THE TASK »
Retype, without any change, the first line of the records and every line after it through the one containing "Sérum pour la".

MATERIAL SUPPLIED »

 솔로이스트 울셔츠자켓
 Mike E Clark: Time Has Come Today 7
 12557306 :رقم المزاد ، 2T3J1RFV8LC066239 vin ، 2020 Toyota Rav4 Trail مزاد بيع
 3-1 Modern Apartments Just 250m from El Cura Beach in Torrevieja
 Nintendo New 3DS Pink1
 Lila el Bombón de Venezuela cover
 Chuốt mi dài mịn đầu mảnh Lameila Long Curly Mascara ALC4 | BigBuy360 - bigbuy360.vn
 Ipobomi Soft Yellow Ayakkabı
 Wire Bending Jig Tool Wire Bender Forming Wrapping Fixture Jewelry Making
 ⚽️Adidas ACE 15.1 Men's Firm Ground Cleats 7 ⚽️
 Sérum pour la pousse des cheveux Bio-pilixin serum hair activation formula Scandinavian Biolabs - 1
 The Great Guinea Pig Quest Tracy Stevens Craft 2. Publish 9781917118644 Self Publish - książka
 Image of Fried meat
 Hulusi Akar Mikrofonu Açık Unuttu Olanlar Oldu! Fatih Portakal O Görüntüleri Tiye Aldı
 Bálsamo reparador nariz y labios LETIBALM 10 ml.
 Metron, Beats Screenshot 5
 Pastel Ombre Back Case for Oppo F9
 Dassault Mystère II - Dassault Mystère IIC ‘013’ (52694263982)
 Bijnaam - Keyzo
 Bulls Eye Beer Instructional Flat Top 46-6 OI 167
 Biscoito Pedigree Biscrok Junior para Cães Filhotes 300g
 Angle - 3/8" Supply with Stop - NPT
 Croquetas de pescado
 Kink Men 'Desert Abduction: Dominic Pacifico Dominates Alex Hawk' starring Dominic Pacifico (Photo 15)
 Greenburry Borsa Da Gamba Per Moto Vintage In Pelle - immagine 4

RESPONSE TO THIS EXERCISE »
 솔로이스트 울셔츠자켓
 Mike E Clark: Time Has Come Today 7
 12557306 :رقم المزاد ، 2T3J1RFV8LC066239 vin ، 2020 Toyota Rav4 Trail مزاد بيع
 3-1 Modern Apartments Just 250m from El Cura Beach in Torrevieja
 Nintendo New 3DS Pink1
 Lila el Bombón de Venezuela cover
 Chuốt mi dài mịn đầu mảnh Lameila Long Curly Mascara ALC4 | BigBuy360 - bigbuy360.vn
 Ipobomi Soft Yellow Ayakkabı
 Wire Bending Jig Tool Wire Bender Forming Wrapping Fixture Jewelry Making
 ⚽️Adidas ACE 15.1 Men's Firm Ground Cleats 7 ⚽️
 Sérum pour la pousse des cheveux Bio-pilixin serum hair activation formula Scandinavian Biolabs - 1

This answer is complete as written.